◆ **Instructions for the task**:
After locating the line that contains "It is called" in the data below, set down exactly that line and each one after it through the line that contains "Breadth is 0.9 meter", and nothing more.

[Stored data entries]
---
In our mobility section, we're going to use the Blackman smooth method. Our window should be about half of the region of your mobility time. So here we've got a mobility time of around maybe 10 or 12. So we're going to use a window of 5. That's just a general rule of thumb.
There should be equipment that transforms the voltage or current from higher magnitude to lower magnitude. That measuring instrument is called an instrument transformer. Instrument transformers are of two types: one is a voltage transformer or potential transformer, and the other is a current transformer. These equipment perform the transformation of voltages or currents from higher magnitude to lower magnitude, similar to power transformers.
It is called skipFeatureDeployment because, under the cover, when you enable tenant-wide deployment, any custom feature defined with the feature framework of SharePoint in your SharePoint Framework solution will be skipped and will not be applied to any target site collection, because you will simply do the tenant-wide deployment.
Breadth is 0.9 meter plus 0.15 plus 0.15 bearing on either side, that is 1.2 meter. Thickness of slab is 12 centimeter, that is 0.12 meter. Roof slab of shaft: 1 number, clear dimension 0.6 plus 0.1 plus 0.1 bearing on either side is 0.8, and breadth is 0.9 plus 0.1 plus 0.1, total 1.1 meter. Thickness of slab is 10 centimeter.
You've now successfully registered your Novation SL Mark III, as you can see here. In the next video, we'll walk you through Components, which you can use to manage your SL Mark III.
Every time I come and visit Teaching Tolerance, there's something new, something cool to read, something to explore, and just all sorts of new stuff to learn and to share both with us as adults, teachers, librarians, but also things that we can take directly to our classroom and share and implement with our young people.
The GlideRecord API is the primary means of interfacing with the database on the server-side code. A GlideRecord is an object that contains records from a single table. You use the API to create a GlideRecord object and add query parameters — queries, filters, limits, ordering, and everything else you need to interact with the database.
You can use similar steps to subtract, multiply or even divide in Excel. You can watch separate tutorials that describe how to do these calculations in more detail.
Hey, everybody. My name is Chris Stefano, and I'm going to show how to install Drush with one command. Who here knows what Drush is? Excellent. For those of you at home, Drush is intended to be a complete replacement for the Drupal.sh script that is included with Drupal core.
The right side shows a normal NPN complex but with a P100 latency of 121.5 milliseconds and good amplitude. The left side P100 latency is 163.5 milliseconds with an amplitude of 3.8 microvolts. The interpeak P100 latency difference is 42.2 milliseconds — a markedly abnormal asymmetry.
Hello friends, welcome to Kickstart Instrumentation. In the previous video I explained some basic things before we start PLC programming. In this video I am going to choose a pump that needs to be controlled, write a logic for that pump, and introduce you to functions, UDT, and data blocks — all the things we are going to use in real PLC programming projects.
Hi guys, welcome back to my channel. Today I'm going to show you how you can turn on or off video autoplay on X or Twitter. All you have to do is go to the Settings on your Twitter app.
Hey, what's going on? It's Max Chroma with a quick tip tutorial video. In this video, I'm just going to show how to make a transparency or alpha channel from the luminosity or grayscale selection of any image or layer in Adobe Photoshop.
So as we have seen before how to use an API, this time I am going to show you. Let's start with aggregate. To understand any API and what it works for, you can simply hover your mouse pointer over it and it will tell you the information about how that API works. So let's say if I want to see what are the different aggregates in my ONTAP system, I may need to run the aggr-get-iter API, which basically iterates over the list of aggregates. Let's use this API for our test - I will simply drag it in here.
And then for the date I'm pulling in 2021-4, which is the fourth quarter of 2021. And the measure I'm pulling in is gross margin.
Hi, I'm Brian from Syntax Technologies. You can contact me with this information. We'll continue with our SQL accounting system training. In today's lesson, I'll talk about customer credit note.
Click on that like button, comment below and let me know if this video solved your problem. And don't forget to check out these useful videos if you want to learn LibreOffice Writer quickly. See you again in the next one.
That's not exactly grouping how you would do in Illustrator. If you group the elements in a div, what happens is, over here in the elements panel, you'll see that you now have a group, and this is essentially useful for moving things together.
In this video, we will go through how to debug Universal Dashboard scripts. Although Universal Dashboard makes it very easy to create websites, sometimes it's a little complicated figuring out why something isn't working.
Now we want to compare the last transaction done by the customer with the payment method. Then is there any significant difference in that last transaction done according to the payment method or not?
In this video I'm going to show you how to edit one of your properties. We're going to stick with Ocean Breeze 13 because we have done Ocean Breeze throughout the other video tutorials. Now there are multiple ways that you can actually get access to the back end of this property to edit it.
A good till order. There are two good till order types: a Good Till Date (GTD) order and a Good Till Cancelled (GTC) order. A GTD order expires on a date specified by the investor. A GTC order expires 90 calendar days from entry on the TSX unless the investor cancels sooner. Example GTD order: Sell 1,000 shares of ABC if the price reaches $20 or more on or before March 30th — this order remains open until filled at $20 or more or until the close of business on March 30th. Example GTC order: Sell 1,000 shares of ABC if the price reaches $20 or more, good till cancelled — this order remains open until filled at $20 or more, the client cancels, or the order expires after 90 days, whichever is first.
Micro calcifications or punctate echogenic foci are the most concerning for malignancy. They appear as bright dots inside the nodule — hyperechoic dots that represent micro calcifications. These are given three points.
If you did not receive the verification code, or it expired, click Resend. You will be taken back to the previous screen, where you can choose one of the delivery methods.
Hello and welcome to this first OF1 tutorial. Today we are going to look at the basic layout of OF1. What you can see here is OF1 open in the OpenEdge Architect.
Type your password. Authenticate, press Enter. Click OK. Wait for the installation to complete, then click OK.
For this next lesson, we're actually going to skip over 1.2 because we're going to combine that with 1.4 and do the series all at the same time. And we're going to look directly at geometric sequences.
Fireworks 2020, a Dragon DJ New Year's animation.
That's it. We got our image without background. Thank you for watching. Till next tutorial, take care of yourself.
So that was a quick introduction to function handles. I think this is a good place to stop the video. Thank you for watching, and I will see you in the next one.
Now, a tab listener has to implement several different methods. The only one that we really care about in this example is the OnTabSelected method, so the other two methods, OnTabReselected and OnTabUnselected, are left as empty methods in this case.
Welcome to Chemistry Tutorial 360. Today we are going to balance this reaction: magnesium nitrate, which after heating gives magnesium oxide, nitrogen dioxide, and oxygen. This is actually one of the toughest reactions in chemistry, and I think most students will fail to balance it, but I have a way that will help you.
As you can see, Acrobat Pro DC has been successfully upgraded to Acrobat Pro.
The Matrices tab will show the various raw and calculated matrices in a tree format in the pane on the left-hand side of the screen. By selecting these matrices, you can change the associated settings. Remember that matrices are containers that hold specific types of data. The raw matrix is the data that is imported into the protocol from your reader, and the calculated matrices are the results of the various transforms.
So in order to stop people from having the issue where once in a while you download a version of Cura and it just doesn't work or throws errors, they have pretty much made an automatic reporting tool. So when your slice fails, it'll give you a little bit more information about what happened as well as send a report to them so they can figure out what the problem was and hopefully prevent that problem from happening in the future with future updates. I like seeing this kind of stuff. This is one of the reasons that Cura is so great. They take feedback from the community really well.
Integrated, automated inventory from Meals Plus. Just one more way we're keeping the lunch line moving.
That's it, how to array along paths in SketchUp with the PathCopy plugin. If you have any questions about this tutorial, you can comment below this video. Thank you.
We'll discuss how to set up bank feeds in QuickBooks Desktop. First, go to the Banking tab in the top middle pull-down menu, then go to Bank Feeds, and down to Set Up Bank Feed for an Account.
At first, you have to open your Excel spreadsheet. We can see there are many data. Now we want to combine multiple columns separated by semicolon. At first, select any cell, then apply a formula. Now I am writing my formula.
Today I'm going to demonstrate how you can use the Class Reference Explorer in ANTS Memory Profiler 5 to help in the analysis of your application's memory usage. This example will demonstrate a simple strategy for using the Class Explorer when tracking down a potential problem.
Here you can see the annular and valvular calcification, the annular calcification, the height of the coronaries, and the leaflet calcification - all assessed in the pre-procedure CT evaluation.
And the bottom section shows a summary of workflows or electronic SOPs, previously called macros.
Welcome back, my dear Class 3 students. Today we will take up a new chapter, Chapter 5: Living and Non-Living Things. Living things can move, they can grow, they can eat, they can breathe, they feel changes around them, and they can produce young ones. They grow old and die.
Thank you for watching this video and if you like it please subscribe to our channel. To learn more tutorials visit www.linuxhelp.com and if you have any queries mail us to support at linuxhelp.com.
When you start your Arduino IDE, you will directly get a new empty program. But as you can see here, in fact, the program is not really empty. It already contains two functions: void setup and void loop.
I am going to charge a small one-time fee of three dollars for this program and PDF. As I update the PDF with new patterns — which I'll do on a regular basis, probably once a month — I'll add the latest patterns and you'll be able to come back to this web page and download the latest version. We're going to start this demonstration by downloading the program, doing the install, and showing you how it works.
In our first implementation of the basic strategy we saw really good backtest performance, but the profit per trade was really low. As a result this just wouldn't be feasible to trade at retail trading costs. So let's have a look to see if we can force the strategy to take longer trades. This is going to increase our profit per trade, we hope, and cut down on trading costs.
---
◆ **Response**:
It is called skipFeatureDeployment because, under the cover, when you enable tenant-wide deployment, any custom feature defined with the feature framework of SharePoint in your SharePoint Framework solution will be skipped and will not be applied to any target site collection, because you will simply do the tenant-wide deployment.
Breadth is 0.9 meter plus 0.15 plus 0.15 bearing on either side, that is 1.2 meter. Thickness of slab is 12 centimeter, that is 0.12 meter. Roof slab of shaft: 1 number, clear dimension 0.6 plus 0.1 plus 0.1 bearing on either side is 0.8, and breadth is 0.9 plus 0.1 plus 0.1, total 1.1 meter. Thickness of slab is 10 centimeter.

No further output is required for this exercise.